The rent-a-room was dark and humid. The only sound was the hum of the refrigerator. He liked it dark. In the dark he couldn’t see his own reflection. The dark didn’t mock him as the light did.
Lakme dropped his bag on the floor and flopped onto the couch. The feeling of the cool vinyl ripped through his body. Every nerve was on fire. He was alive again. The sensation would only last for a brief while, but for the time being, every synapse was firing on high. He felt no pain, feared nothing. The “doctor” was on a manic high that felt like it could last forever. He wanted to run to the window, throw it open, and shout to the world that he was the bringer of order to gender. No one had to be a servant to the X or the Y because he could mix and match them at will. He was the weaver of the fabric of gender.

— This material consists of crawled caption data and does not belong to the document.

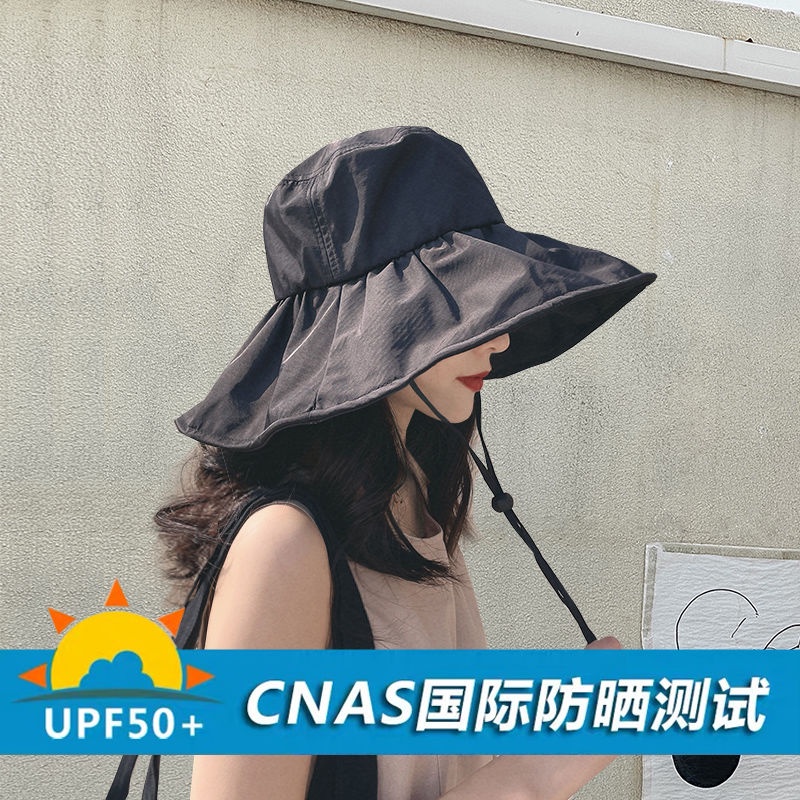 Mũ Bucket Màu Đen Chống Tia UV Chống Tia UV Dạng Tròn Vành Rộng Che Nắng Chống Tia UV Có Keo Dán Mặt To Cho Nữ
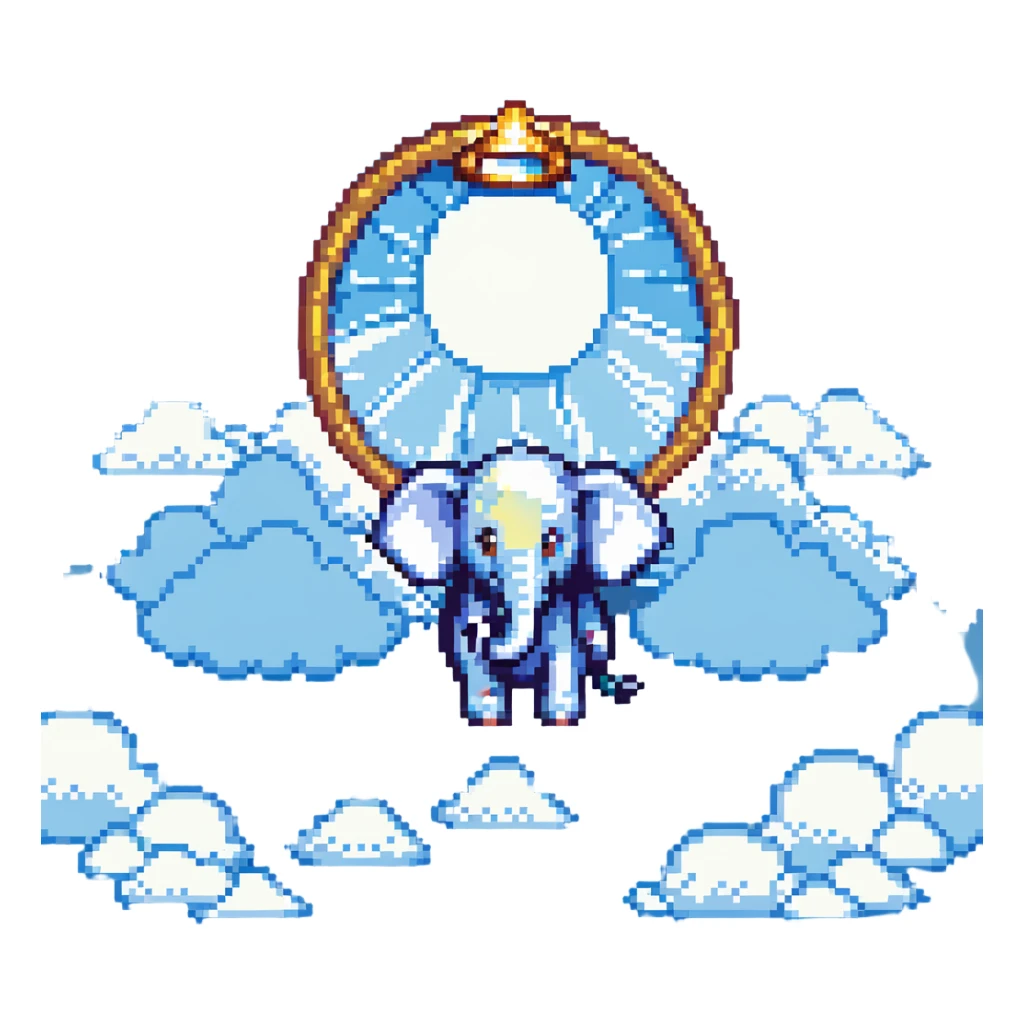 an elephant in heaven, pixel art style, with clouds and halo sticker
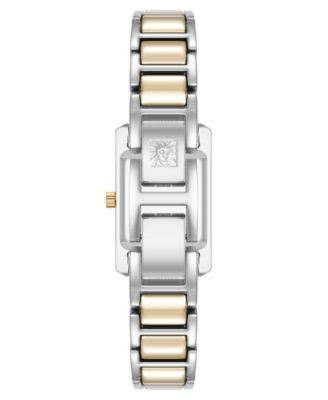 Women's Quartz Classic Rectangular Roman Numeral Two-Tone Alloy Metal Watch, 20mm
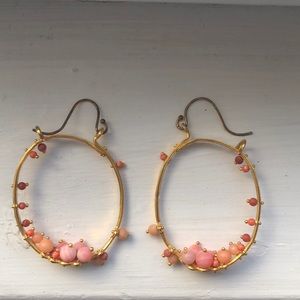 Gold & Coral Earrings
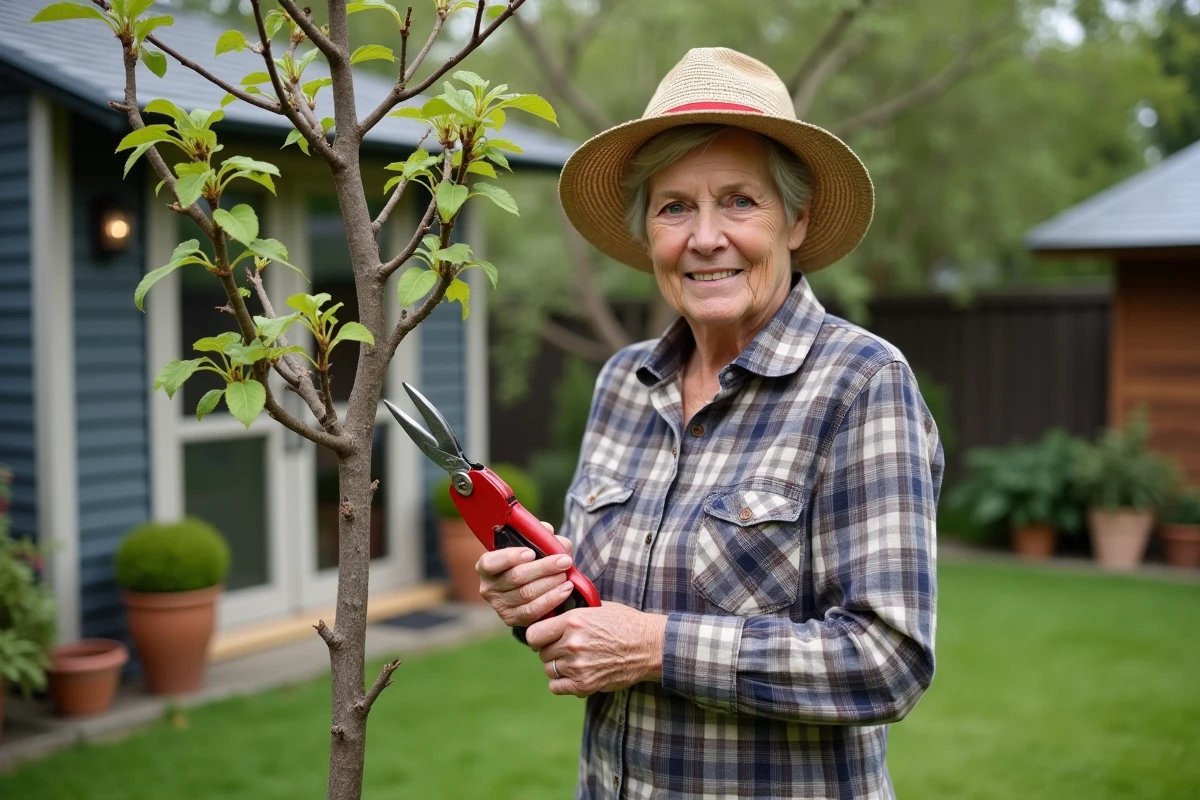 Femme âgée avec sécateurs près d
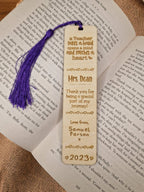 Personalised wooden bookmark - Choice of 4 designs -Teacher thank you gift - Graduation - Teacher - Teaching - End of term present.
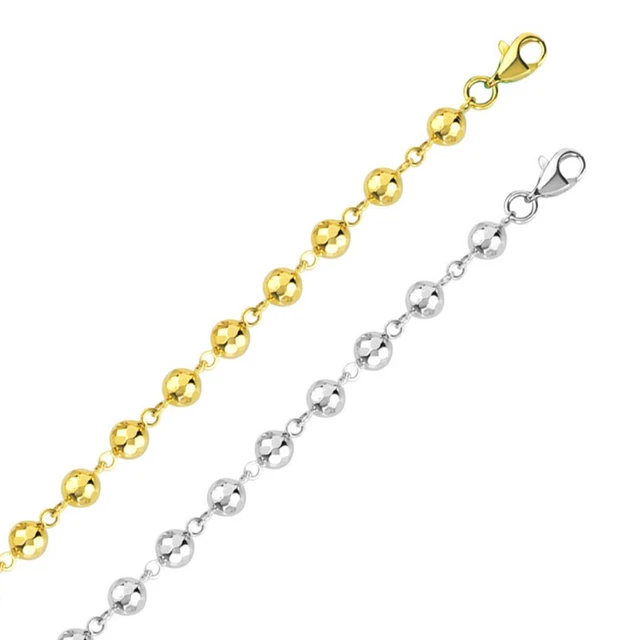 Dainty Ball Bead Chain Bracelet Women Solid 14K Yellow White Real Gold Sz 7.25"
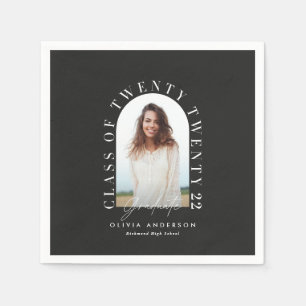 Modern geometric typography photo arch graduation  napkin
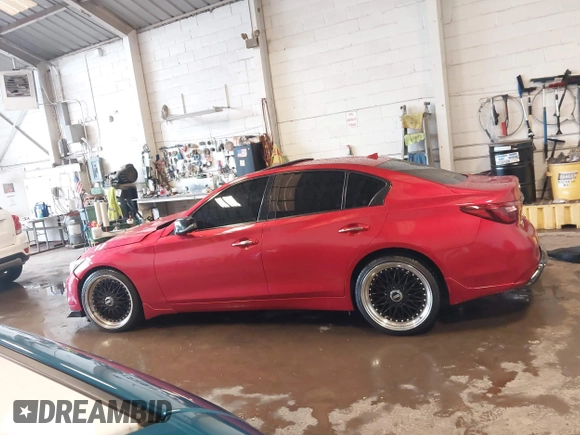 2021 Infiniti Q50 Red Sport 400 z VIN JN1FV7DR6MM881107, wystawiony jako IAAI lot #42370115 z przebiegiem 45 999 mil mil oraz . Historia ofert i sprzedaży dostępna na DreamBid. Obrazek 13.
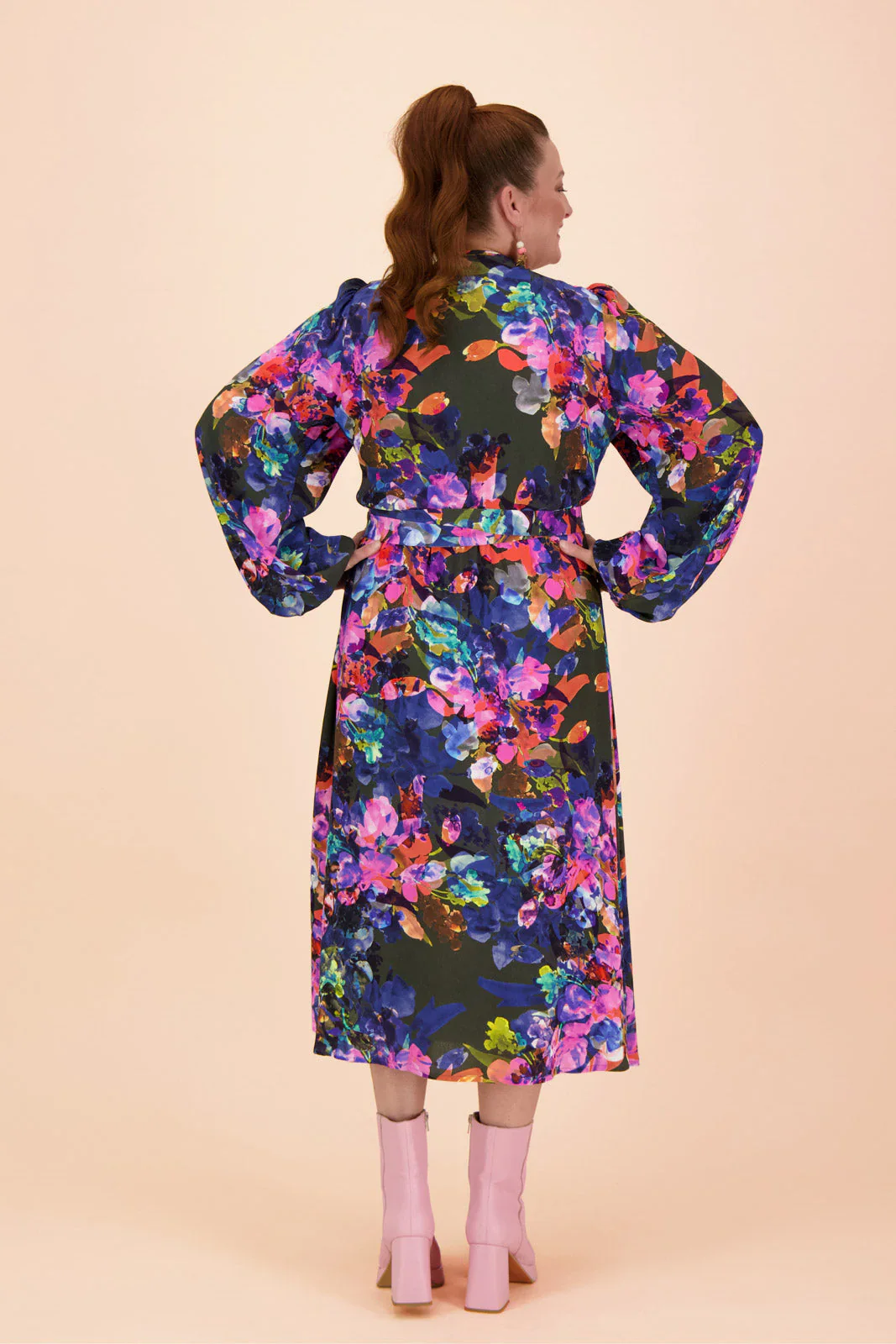 Wrap Midi Dress, Sweet Pea - Image 5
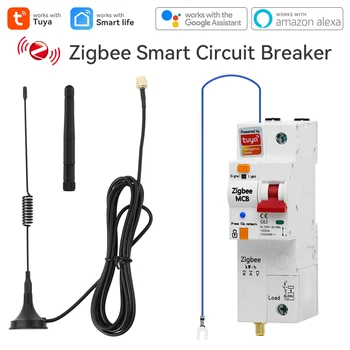 Интеллектуальный Автоматический выключатель ZigBee, Воздушный Выключатель, Защита От перегрузки, Короткого замыкания, Перенапряжения, Требуется Smart Life/Tuya Alexa Google Hub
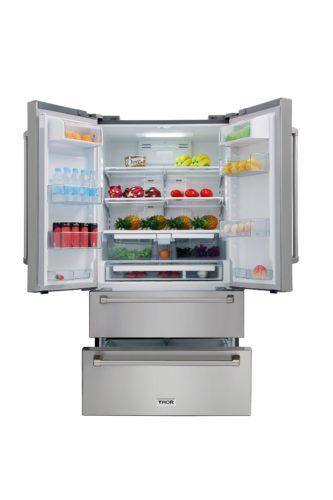 THOR Stainless Steel French Door Refrigerator, HRF3601F - Farmhouse Kitchen and Bath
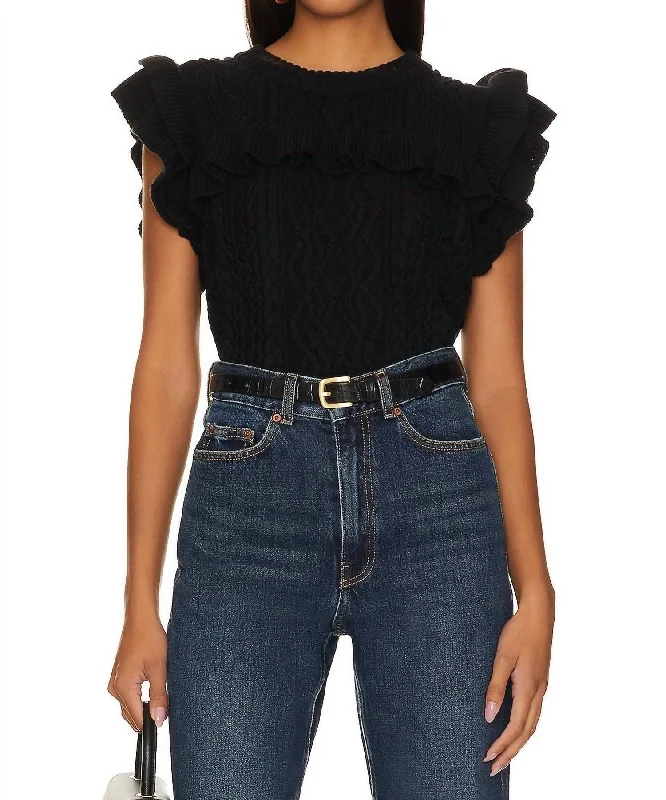 Zofia Sweater Vest In Black Zippered Front Buttoned Front Snap Front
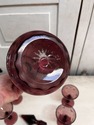 Bohemian Amethyst Glass Decanter w 4 Cordial Glass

Lakme’s heart was racing at the possibilities. It felt so good to stand next to God, to know that he could fine-tune the mistakes made by a God too busy for such details. Oh, he hoped this high would last. He had stopped taking the meds long ago. Unfortunately, that meant the lows lasted equally as long, and suicide was just a blade away.
He smiled at the thought. As he was a blade away from death, his patients were just a blade away from life, from womanhood. A blade away. The thought brought a peaceful smile to his lips. How delicate the scalpel was, and how fine a line it traced on the skin.
Once the vinyl had warmed, he realized how thirsty he was. His work drained him of fluids, and he had to refuel. The refrigerator was mostly empty, save for a few cans of soda and some random condiments. He opened a soda and sucked it down. The bubbly liquid made him feel young.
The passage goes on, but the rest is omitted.